OPKO Health is a medical test and medication company. It is in the process of developing tests for prostate cancer, testosterone levels and Alzheimer's.

Trinity Biotech specializes in the development, manufacture, and
 marketing of clinical diagnostic products. It has developed an RTD HIV test.

Veredus Laboratories develops, manufactures, and markets innovative multiplexed molecular solutions in the clinical, specialty, and custom testing markets based on STMicroelectronics’ Lab-on-Chip platform. Its tests are focused on bacterial infections and different influenza viruses.

Conclusion

ChipCare aims to take on the HIV diagnostic market which is currently served by big incumbents. It aims to compete on price as well as on the mobility of its device. The price will be kept low through the reuse of the device for multiple tests. Currently one device is needed for each separate test. Through introducing a cheaper diagnostic method ChipCare aims to capture market share and grow the market by making diagnostic tests more accessible.
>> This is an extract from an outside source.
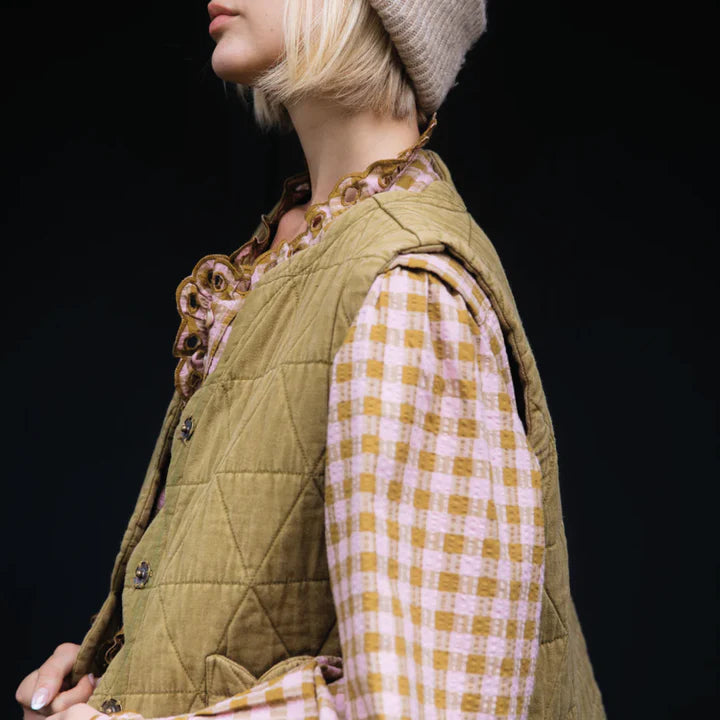 Person wearing a green quilted vest over a plaid shirt with a black background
ChipCare is competing against big and long established medical diagnostic companies as well as new startups with similar strategies. I think ChipCare is more of an acquisition exit where once the product is finalized and proven it might be bought up by one of the big incumbents. This is a lower risk strategy investment as the technology has been proven, the company is entering a well defined market and there is a clear path exit . The investment should provide a reasonable exit and return.